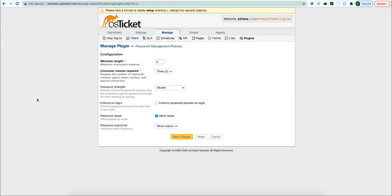The length is simply the minimum amount of characters a password must have. Let's leave this limit at 8 and test it out. We'll go ahead and change the classes to 2 for now.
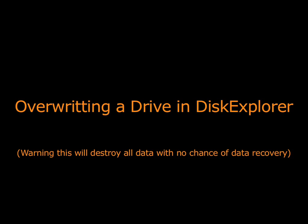Welcome to the Overwriting a Drive in Disk Explorer tutorial. By following this tutorial, it will overwrite your drive entirely, making any type of recovery impossible on anything that was originally on the drive. This is best used when you plan to sell a drive or a computer and you want to make sure no one will be able to access your personal data after it leaves your hands.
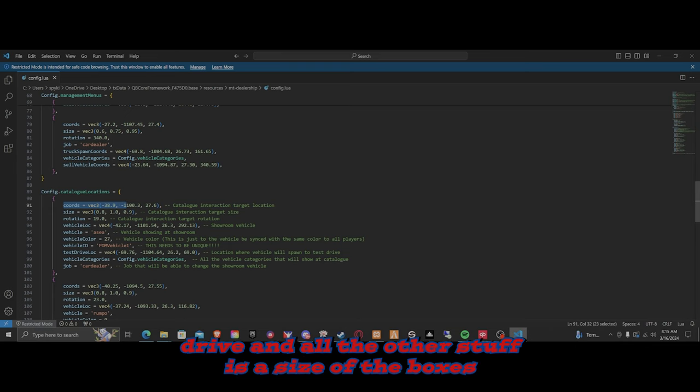Test drive locations work the same way — that's basically where your vehicle goes for the test drive. Vehicle categories ensure you have it set correctly and define the job required to be able to change the showroom. This continues on and on for each category. Then we have the blimp settings — this is basically all your blimp configuration: location, scale, size, and you can change the color here. Color 12 would be blue, but you can change it.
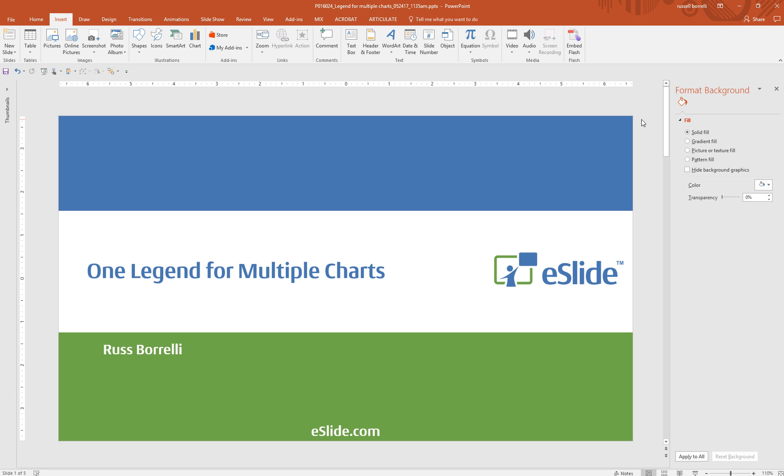Hi, this is Russ Borelli from eSlide and I'm going to walk you through our tips and tricks on how to create a single legend for multiple charts.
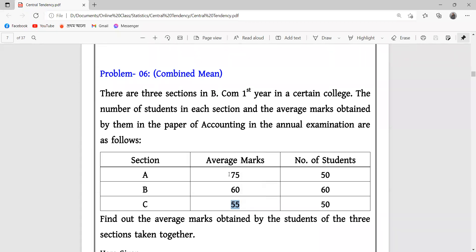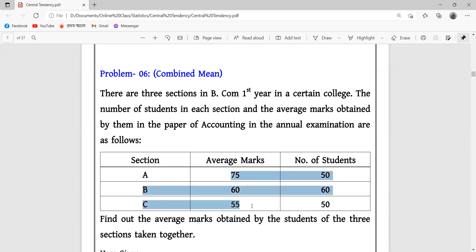Let's find out the combined average marks obtained by the students of the three sections taken together.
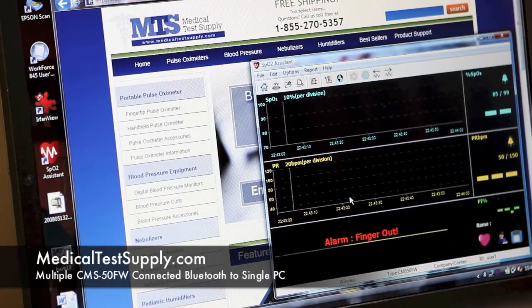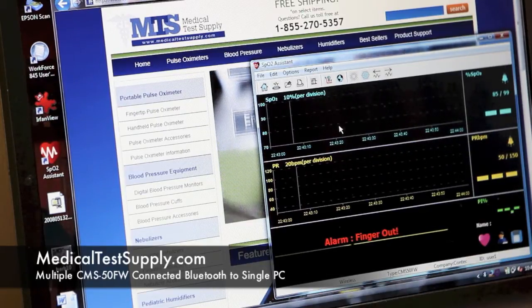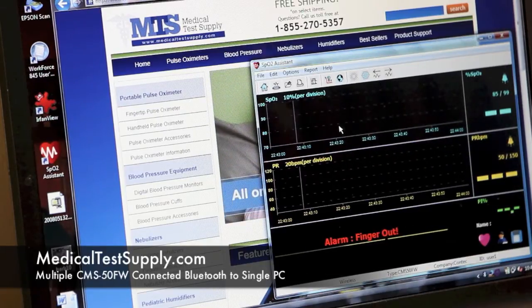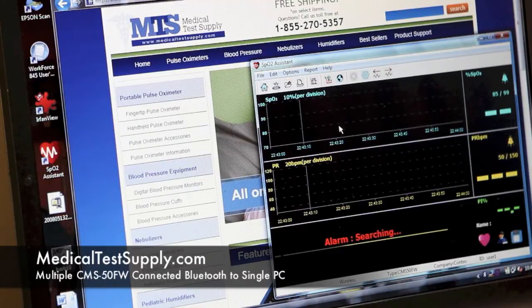We've got finger out data there. We can slide that on here and we'll start gathering data while we connect the others.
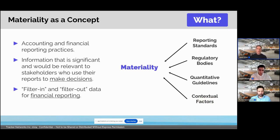Because it's been around for so long, there's established guidance on what constitutes financial materiality. This includes things like reporting standards, regulations, guidelines, and also contextual factors like the size of a company, the industry it's in, and the global environment that it's operating in. So materiality as a basic concept is well understood as a way to decide what does and doesn't need to be included in reporting.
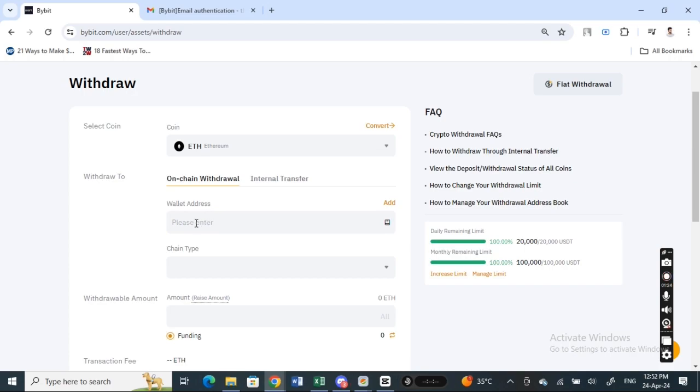And then the wallet address is the address of your MetaMask, so whatever MetaMask account that you want to send it to, just enter the wallet address here.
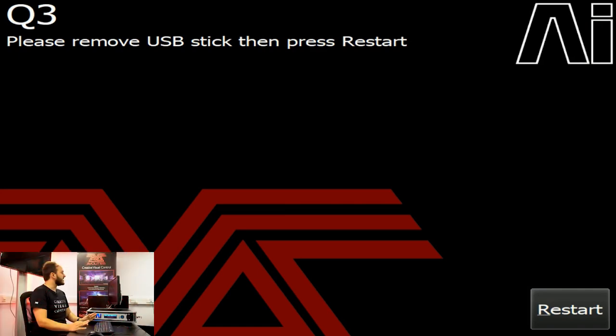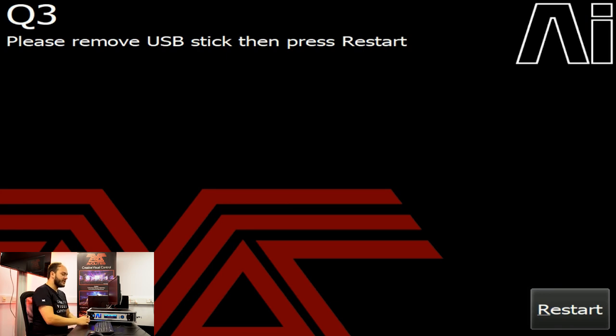Once the process is finished, we're just going to remove the USB stick and restart.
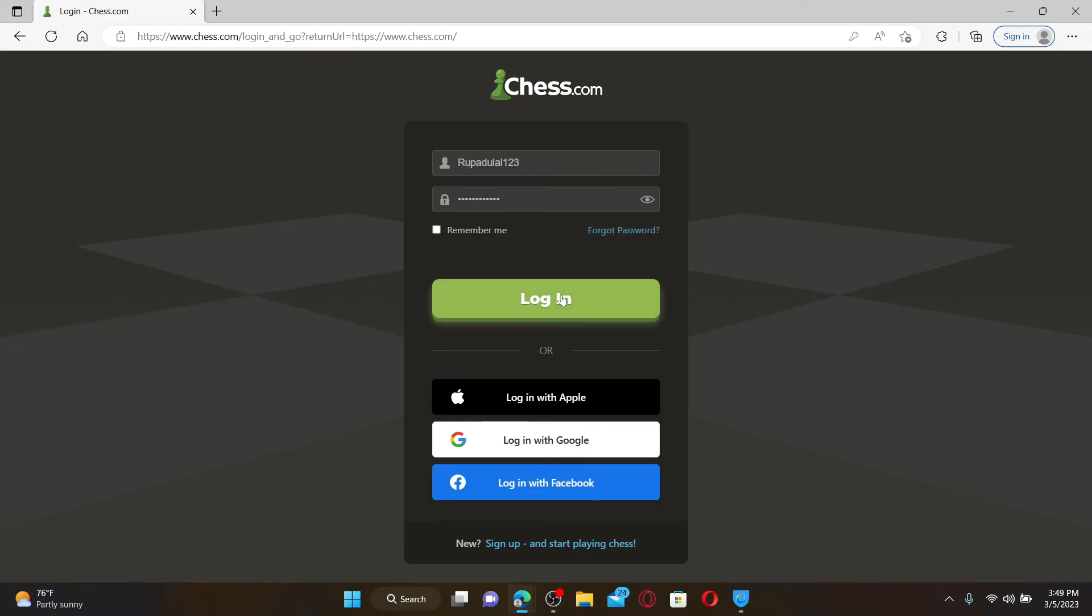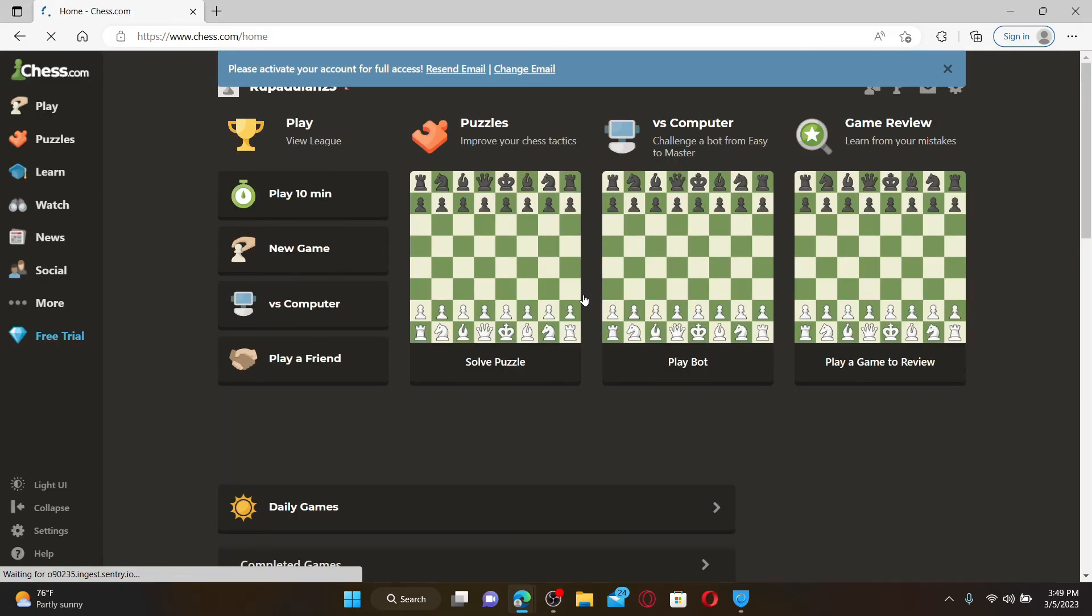After filling in your details, click the login button and you'll be able to log into your chess.com account right away.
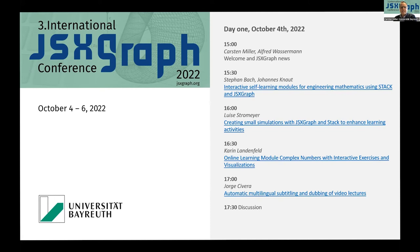And after that, we have a closing discussion. You are invited to ask questions concerning the talks, of course, and concerning the conference. And especially, we can talk about wishes — new features which are suitable for JSXGraph.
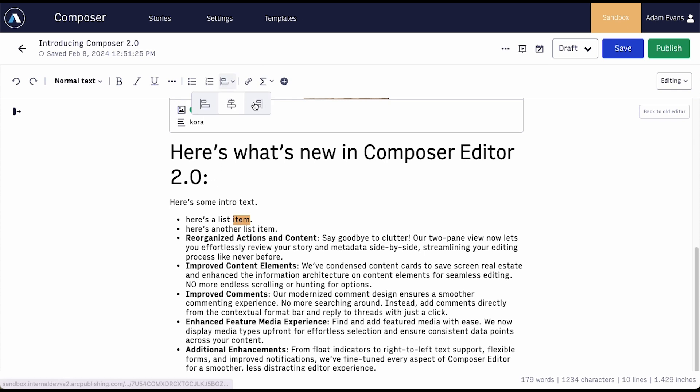To create hyperlinks, you can simply paste a URL directly over the relevant text and the system creates a link for you. Or use command or control K.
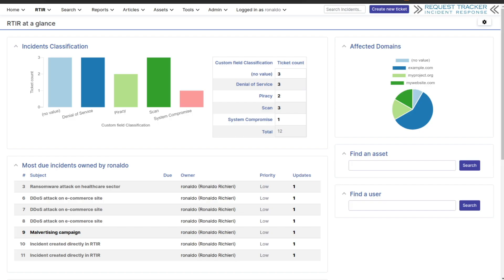Hello everyone, this is Ronaldo Ricchieri at Best Practical, and today I'm excited to show you the powerful integration between RT-IR and MISP. This integration provides several ways to enhance your threat intelligence and incident response workflows.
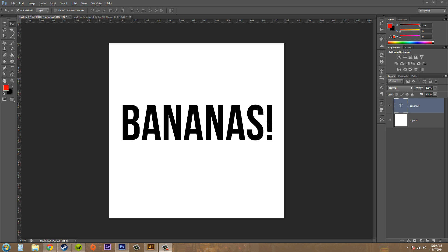So layer styles, they're applied to layers and they're applied to the whole entire layer. You can't just apply a certain layer style to just the A in here. You have to apply it to the whole entire word. So let's go ahead and check out what's going on.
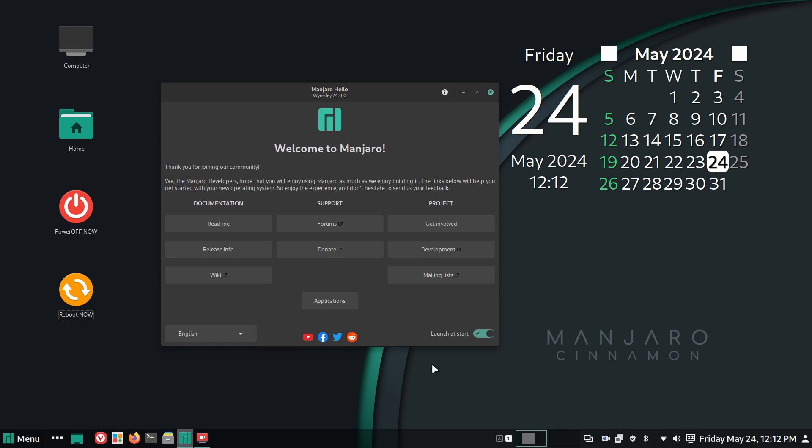Hello folks and welcome. I'm filming in 1920 by 1080. Adjust your YouTube player if necessary. So today's video is on Manjaro Cinnamon Desktop.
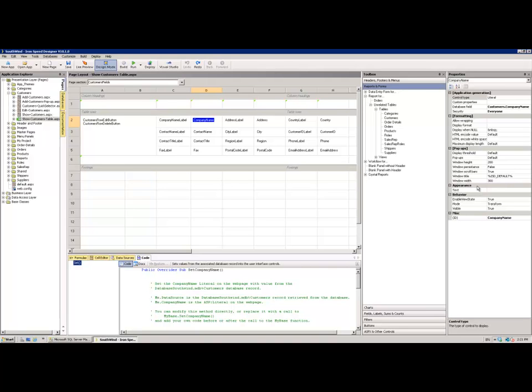So that hopefully is a reasonably quick whistle-stop tour around the iSpeed designer IDE. I hope that it's been of some use to you, at least getting to grips with what you're looking at when you're working with the tool. There are, of course, many other videos which then detail more of the specific areas of the IDE to help you further. Thank you. Bye.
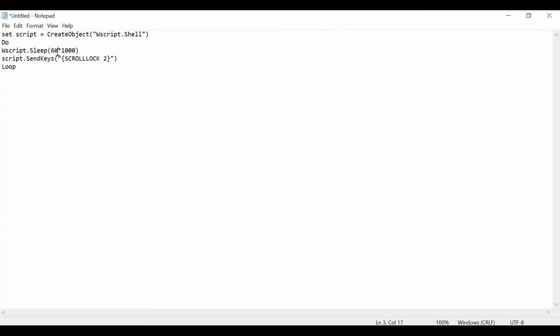So here, this code is configured to run for every one minute, so you can see the 60 seconds is configured here. If your laptop or desktop is going into sleep mode for five minutes, you can configure this to run this code for every four minutes.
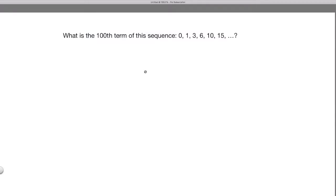In this video we're going to talk about a simple technique to find patterns in a number sequence. Let's look at the problem.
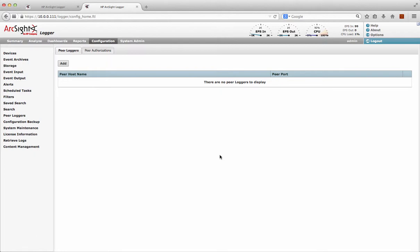Hi there, back again to do a quick demonstration of how to use peer loggers with ArcSight Logger. I just wanted to give a quick illustration of how easy and simple it is to set these up and provide some facilities to search across multiple loggers, really simple and easy.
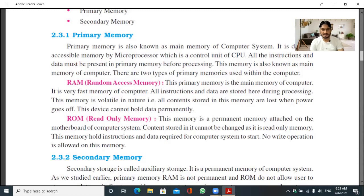ROM (Read Only Memory): this memory is a permanent memory attached on the motherboard of the computer system. Content stored in it cannot be changed, as it is read-only memory. This memory holds the instructions and data required for the computer system to start. No write operation is allowed on this memory.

**Activity:** Would you reproduce the lines from the one with "Hi there, back" through the final line of the data above, exactly and only those, without any pictures?

**Output of the task:**
Hi there, back again to do a quick demonstration of how to use peer loggers with ArcSight Logger. I just wanted to give a quick illustration of how easy and simple it is to set these up and provide some facilities to search across multiple loggers, really simple and easy.
ROM (Read Only Memory): this memory is a permanent memory attached on the motherboard of the computer system. Content stored in it cannot be changed, as it is read-only memory. This memory holds the instructions and data required for the computer system to start. No write operation is allowed on this memory.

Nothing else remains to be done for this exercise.